Description
I was cleaning up some storage and ran into my perfectly functioning Wii wondering if I could make use of it somehow. Having seen so many awesome small form factor builds I got inspired to see what I could squeeze in. I looked online and only saw one build where they took an intel NUC and put it inside. But for this project I wanted a desktop CPU, and for it to look and feel like a wii as much as I could make it.
I gutted everything and used a rotary tool to cut and sand off most of the plastic standoffs and the rear for the i/o shield. Some of the standoffs were used later to screw down some plastic holders I cut and glued together.

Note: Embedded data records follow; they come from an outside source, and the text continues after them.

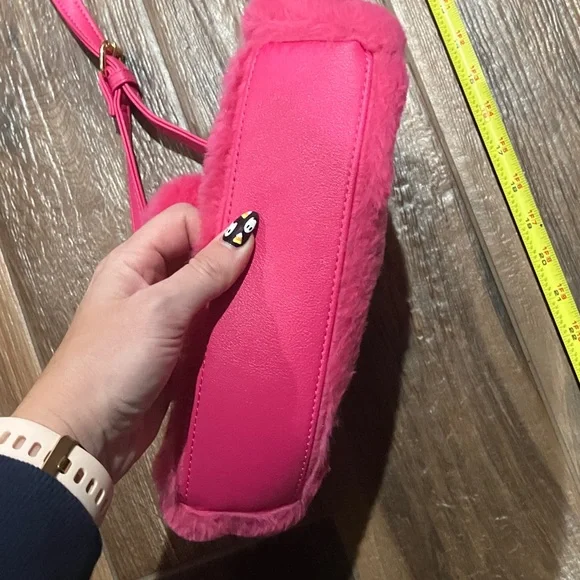Juicy Couture Vibrant Pink Faux Fur Crossbody Bag - Picture 4 of 6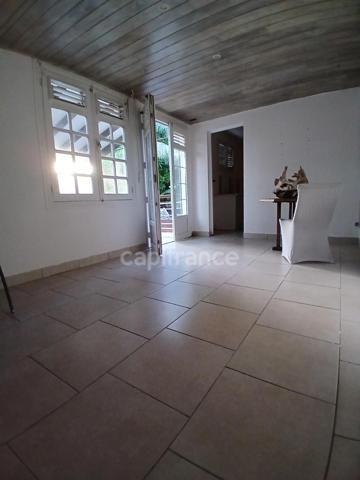 MAISON DE RAPPORT de 220m²- 3 Niveaux- DEUX T4 + UN T2. TERRAIN ARBORE 1700 M² AVEC PISCINE. RIVIERE PILOTE (972)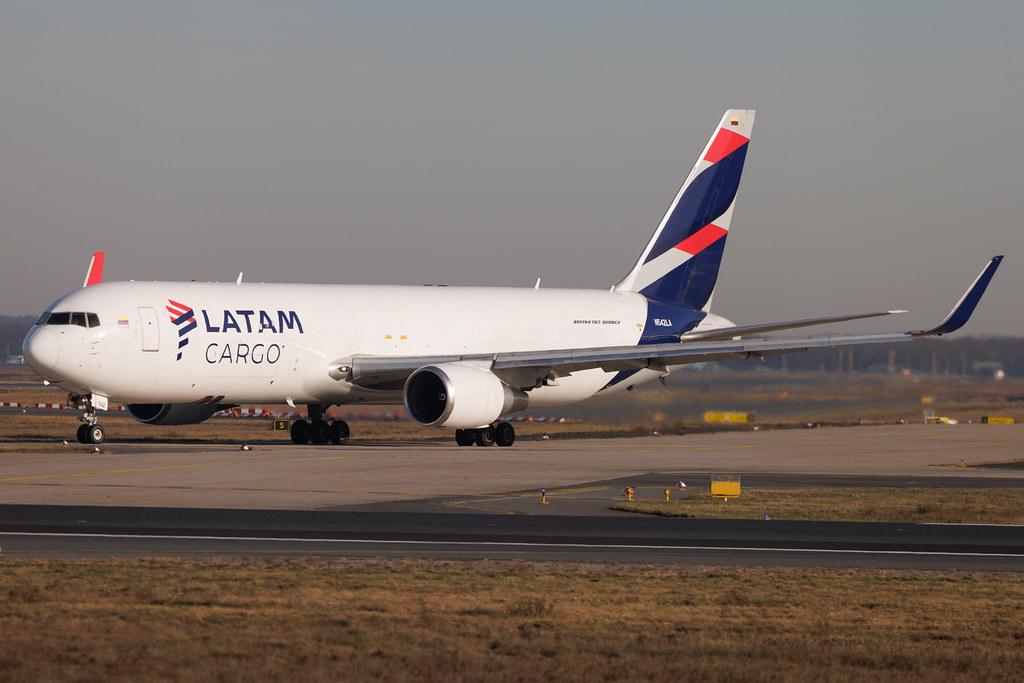 Frankfurt Airport: LATAM Cargo (UC / LCO) | Operator: LATAM Cargo Colombia | Boeing 767-316(ER)(BCF) B763 | N542LA | MSN 34629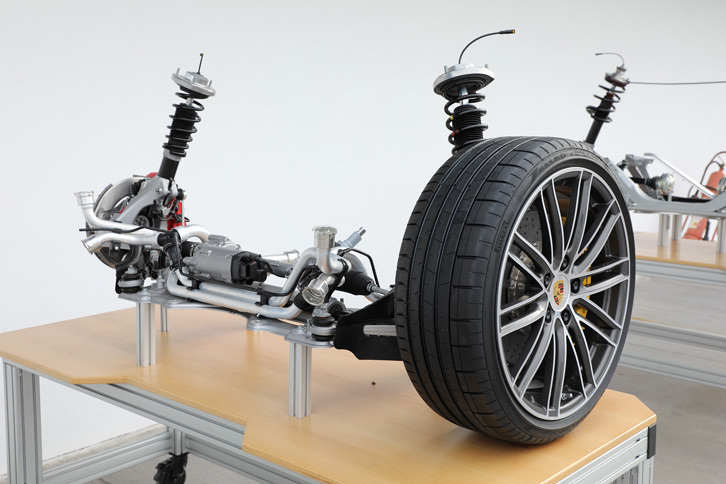 試乗会場に展示されていた「ターボS Eハイブリッド」の足まわり。同グレードでは、トルクベクタリング機能やリアディファレンシャルロック付きのロール安定化システム、減衰力可変機能付きのエアサスペンション、セラミックコンポジットブレーキなどが標準装備となる。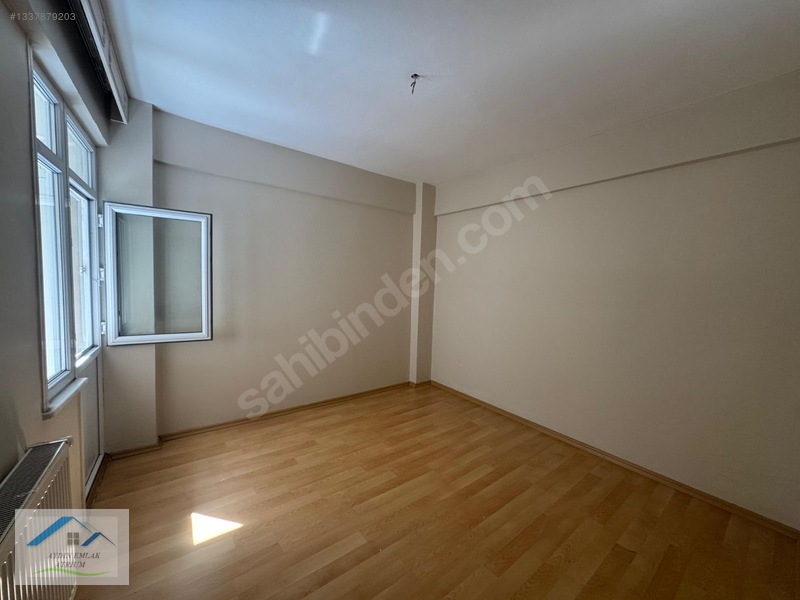 Kocamustafapaşa'da Balkonlu Temiz Boş Kiralık 2+1 Daire — fotoğraf 10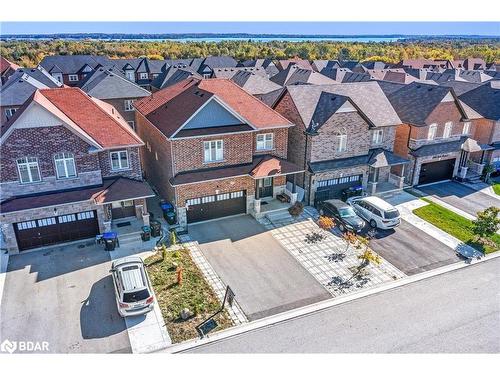 1239 Peelar Crescent  Innisfil, ON L0L 1W0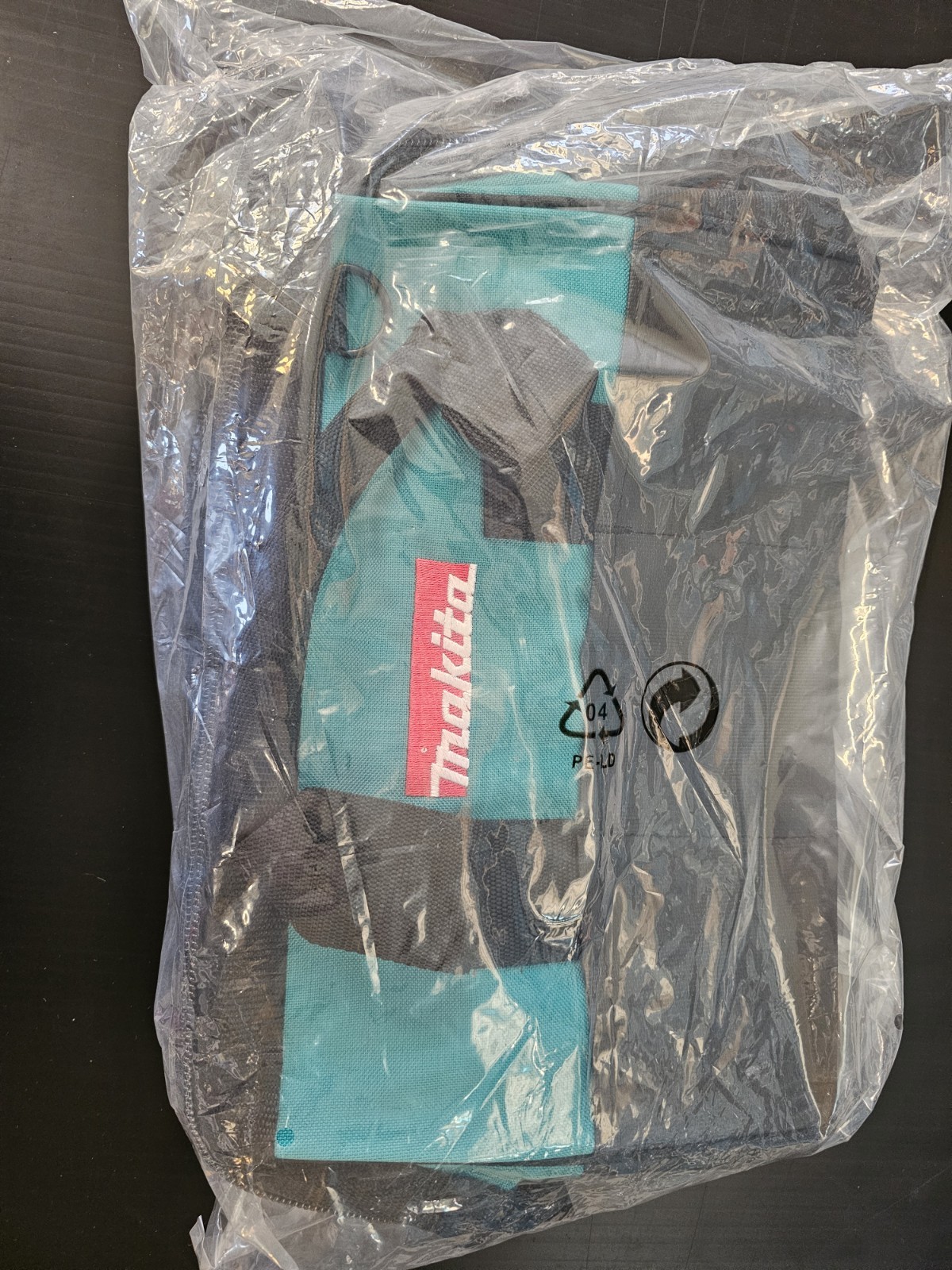 Makita 831253-8 Contractor Tool Bag, 14″X11”X9”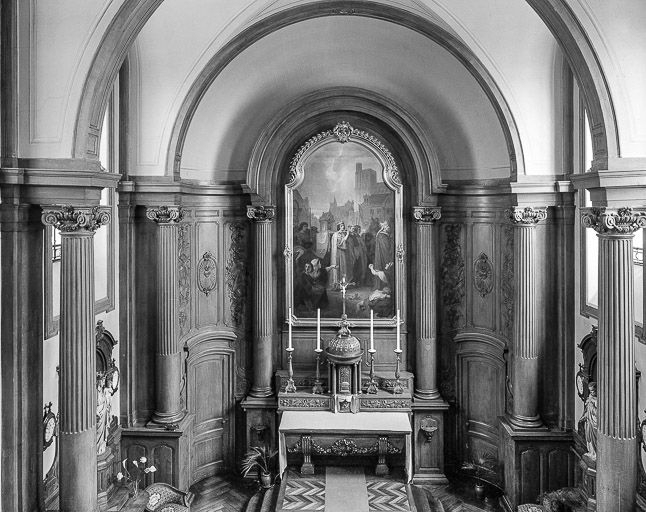 Chapelle de l'hôpital : vue de l'autel depuis la tribune. © Yves Sancey / Région Bourgogne-Franche-Comté, Inventaire du patrimoine - 1977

The front button electronics were unfortunately soldered on the wii board itself so I did use a couple of buttons from elsewhere and positioned them with a plastic holder. Power and reset buttons work as well as a power led. I really wanted to use the leds on the wii disc slot from the motherboard hdd activity header but it wasn't enough current to be visible. I used bits of insulation foam strips that I had lying around as standoffs and cushioning to prevent damage internally.
Motherboard The Wii is roughly 215x157x44 mm (8.5x6.2x1.7 in) which meant that ITX boards wouldn't fit. STX should fit comfortably at 147x140 mm except for the fact that I wanted the rear I/O at the back, right where the Wii has a cut away corner that limits the space even more. Had to make a notch into the case to allow the mobo to get as close as possible to the back and also cut into one of the corner screw posts. I got the asrock stx kit since it was cheaper overall (kit includes power adapter and wifi/bt adapter) and there just aren't that many options.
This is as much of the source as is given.